Any among that scrappy bunch who happened to be observing closely might have been reassured by some clear evidence that this was a far more jittery version of IBM than anyone had ever seen before, as exemplified by the splashy but rather chaotic rollout schedule for the new world order. Three PS/2 machines were to ship immediately: one of them based around an Intel 8086 chip very similar to the 8088 in the original IBM PC, the other two based around the 80286. But the 80386-based machine they were scrambling to get together in response to the Compaq DeskPro 386 — not that IBM phrased things in those terms! — wouldn’t come out until the summer. Meanwhile OS/2, which was still far from complete, likely wouldn’t appear until 1988. It was a far cry from the unified, confident rollout of the System/360 mainframe line more than two decades earlier, the seismic computing event IBM now seemed to be consciously trying to duplicate with their PS/2 line. As it was, the 80286- and 80386-based PS/2 machines would be left in the same boat as the older PC/AT for months to come, hobbled by that monument to inadequacy that was MS-DOS. And even once OS/2 did come out, the 80386-based PS/2 Model 80 would still remain somewhat crippled for the foreseeable future by IBM’s insistence that OS/2 run on the the 80286 as well.
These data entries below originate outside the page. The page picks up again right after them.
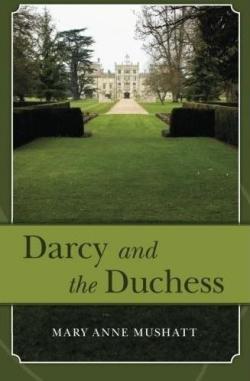 Darcy and the Duchess par Mary Ann Mushatt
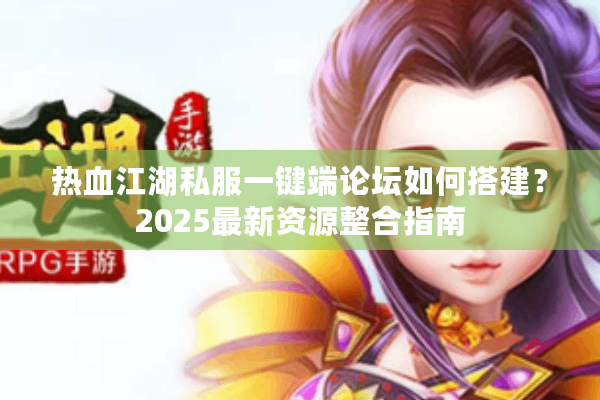 热血江湖私服一键端论坛如何搭建？2025最新资源整合指南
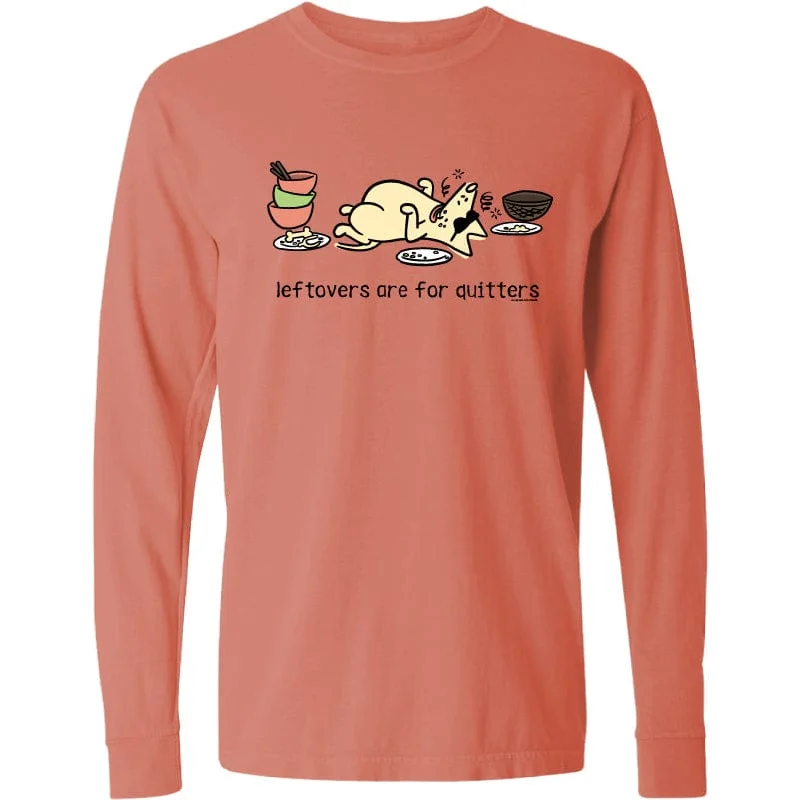 Flash Sale, Don't Miss Leftovers Are For Quitters - Classic Long-Sleeve T-Shirt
The first copies of the newly rechristened OS/2 to leave IBM and Microsoft’s offices did so on May 29, 1987, when selected developers who had paid $3000 for the privilege saw a three-foot long, thirty-pound box labelled “OS/2 Software Development Kit,” containing nine disks and an astonishing 3100 pages worth of documentation, thump onto their porch two months before Microsoft had told them it would arrive. As such, it was the first Microsoft product ever to ship early; less positively, it was also the first time they had ever asked anyone to pay to be beta testers. Microsoft, it seemed, was feeling their oats as IBM’s equal partners.

The first retail release of OS/2 also beat its announced date, shipping in December of 1987 instead of the first quarter of 1988. Thankfully, IBM listened to Microsoft’s advice enough to quell the very worst of their instincts: they allowed OS/2 to run on any 80286-or-better machine, not restricting it to the PS/2 line. Yet, at least from the ordinary user’s perspective, OS/2 1.0 was a weirdly underwhelming experience after all the hype of the previous spring. The Presentation Manager, OS/2’s planned GUI, had fallen so far behind amidst all the bureaucratic squabbling that IBM had finally elected to ship the first version of their new operating system without it; this was the main reason they had been able to release the remaining pieces earlier than planned. In the absence of the Presentation Manager, what the user got was the plumbing of a sophisticated modern operating system coupled to a command-line interface that made it seem all but identical to hoary old MS-DOS. I’ve already described in earlier articles how a GUI fits naturally with advanced features like multitasking and inter-application data sharing. These and the many other non-surface improvements which MS-DOS so sorely needed were there in OS/2, hidden away, but in the absence of a GUI only the programmer or the true power user could make much use of them. The rest of the world was left to ask why they had just paid $200 for a slightly less compatible, slightly slower version of the MS-DOS that had come free with their computers. IBM themselves didn’t quite seem to know why they were releasing OS/2 now, in this state. “No one will really use OS/2 1.0,” said Bill Lowe. “I view it as a tool for large-account customers or software developers who want to begin writing OS/2 applications.” With a sales pitch like that, who could resist? Just about everybody, as it happened.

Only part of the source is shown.